1. Field of the Invention
The present invention relates to an LED light-emitting module and an illumination apparatus using the same, and more particularly, to an LED light-emitting module with excellent heat radiating characteristics whose light radiation angle can be easily adjusted, and an illumination apparatus using the same.
2. Description of the Related Art
In recent years, LEDs are being studied as an illumination unit due to their low power consumption and long lifespan as compared with general light sources. As heat generated in LED packages shortens the lifespan, structures for smoothly radiating the heat of the LED packages are also being widely studied and developed.
In particular, while it is required to enhance the heat radiating characteristics of an LED street lamp employing a plurality of LED packages, there is a limit in enhancing smooth heat radiating characteristics with a structure in which heat radiating fins are provided on the rear surface of a printed circuit board (PCB) having a plurality of LED packages. In spite of many efforts to enhance heat radiating characteristics by increasing the number and height of heat radiating fins, there is also a limit in improving heat radiating characteristics as air cannot be convected in spaces between the heat radiating fins.
Japanese Utility Model No. 3163002 (hereinafter, the conventional technology) discloses an example of a structure for preventing lowering of heat radiating efficiency due to an increase in the height of heat radiating fins toward the rear side of a mounting surface of an light emitting diode (LED) used as an illumination means.
The conventional technology discloses an improved illumination apparatus adapted to smoothly emit heat due to air introduced between high heat radiating fins by crossing heat radiating fins of different shapes and heights toward the rear side of a mounting surface of an LED.
However, as it is relatively difficult to manufacture heat radiating fins of different heights, and there is a need to process groove patterns for easy flow of air in a central upper side of the heat radiating fins, manufacturing costs increase and productivity decreases.
Moreover, in the conventional technology, while a housing protrudes from a side of the LED mounting surface contacting a board to which LED chips are mounted, toward a lower side and some of the heat radiating fins are placed outside the protruding portion, the heat radiating fins on the side have an area remarkably small as compared with the area of the heat radiating fins placed on the rear side of the LED mounting surface, resulting in a very small amount of radiated heat.

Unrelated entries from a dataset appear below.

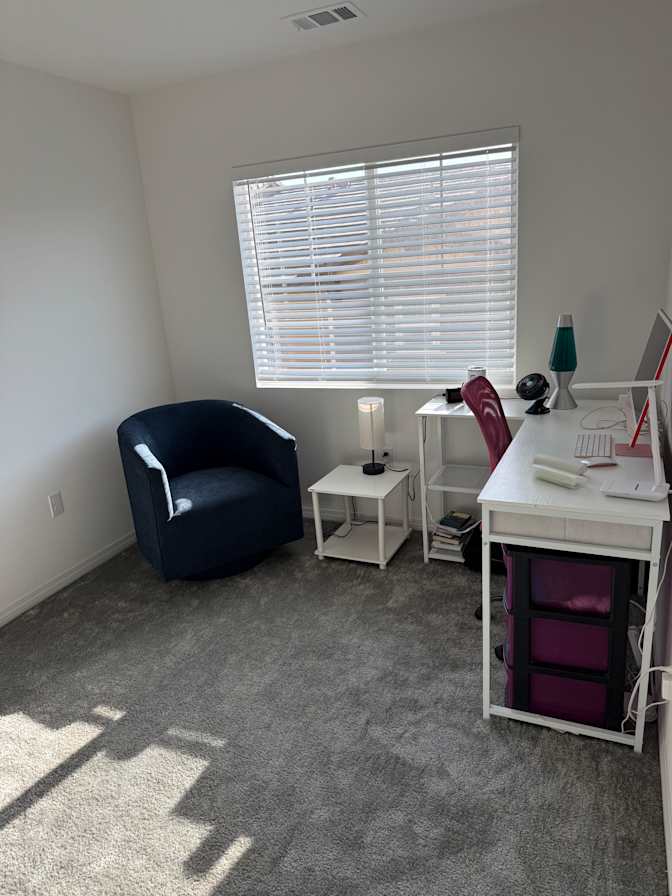 Aya's room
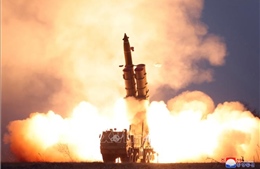 Triều Tiên xác nhận thử bệ phóng tên lửa đa nòng siêu lớn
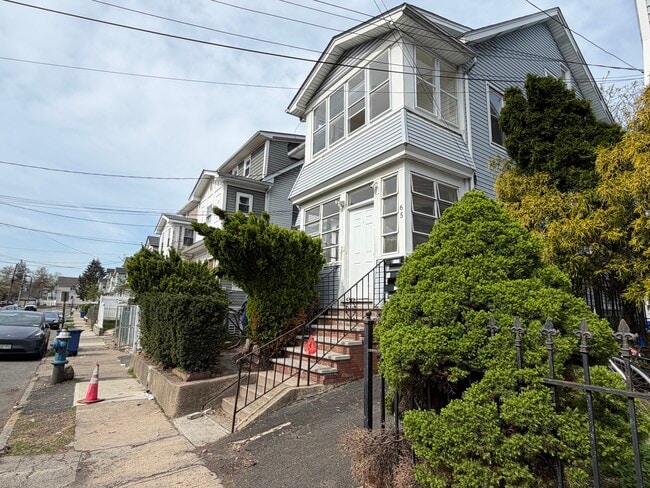 Building Photo - 65 Durand Pl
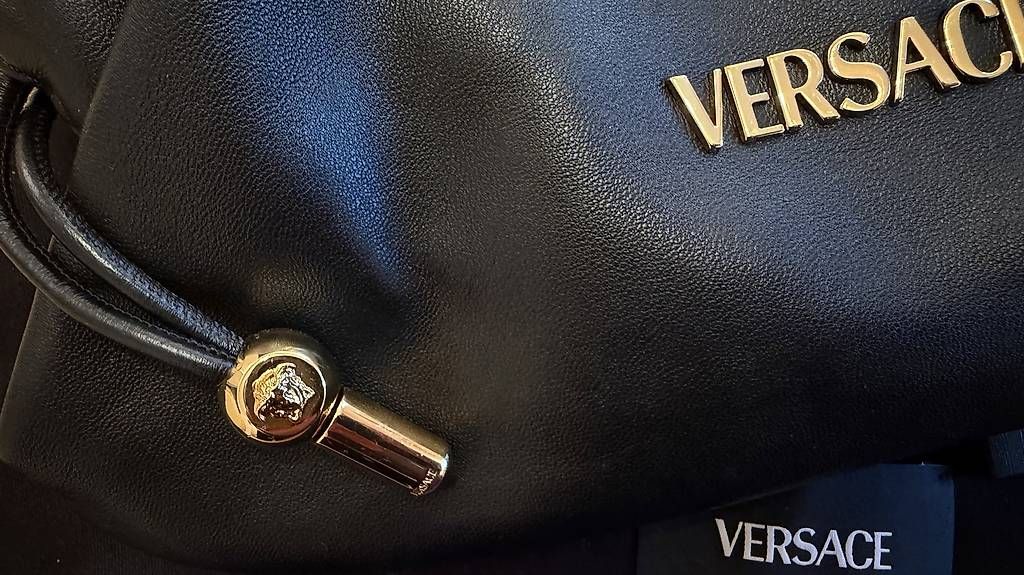 Versace Sacs femmes: Versace Tasche Clutch – D'occasion à Zürich par AlfH 4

This is because, considering that heat radiating efficiency is basically proportional to the area of the heat radiating fins to a certain degree, heat radiating effect is low and heat is radiated mainly to the rear side of the LED mounting surface, resulting in lowering of heat radiating efficiency.
In addition, in the conventional technology, there exist portions of a frame except for an area of the heat radiating fins whose thicknesses are partially different from the other portions, in which case the lifespan of some of the LED chips becomes shortened due to partial non-uniformity of temperatures caused by differences between the thicknesses of the frame, resulting in a shortened lifespan of the entire LED light-emitting apparatus.
Meanwhile, as an LED package has a narrow light radiating angle as compared with a general light source of a different type lamp, a more complex mechanical structure is needed to comply with a minimal light radiation angle range of a street lamp which is also related to the height of the street lamp. However, it is not easy to design such a structure and without increasing manufacturing costs.
Moreover, required illumination intensities may be different according to the locations of LED street lamps. Thus, since there is a need to consider the number of LED packages in designing the conventional LED street lamp from the start of the design, additional designs and manufactures are required for illumination apparatuses of different illumination intensities.
Although the conventional technology can satisfy the illumination intensity issue when a plurality of illumination apparatuses are disposed in parallel, they respectively include a rotor for rotation, making their mechanisms for individually driving the rotors very complex and making it difficult to configure the mechanisms. Further, the outwardly protruding rotors contact a coupling plate, making it difficult to adjust their angles.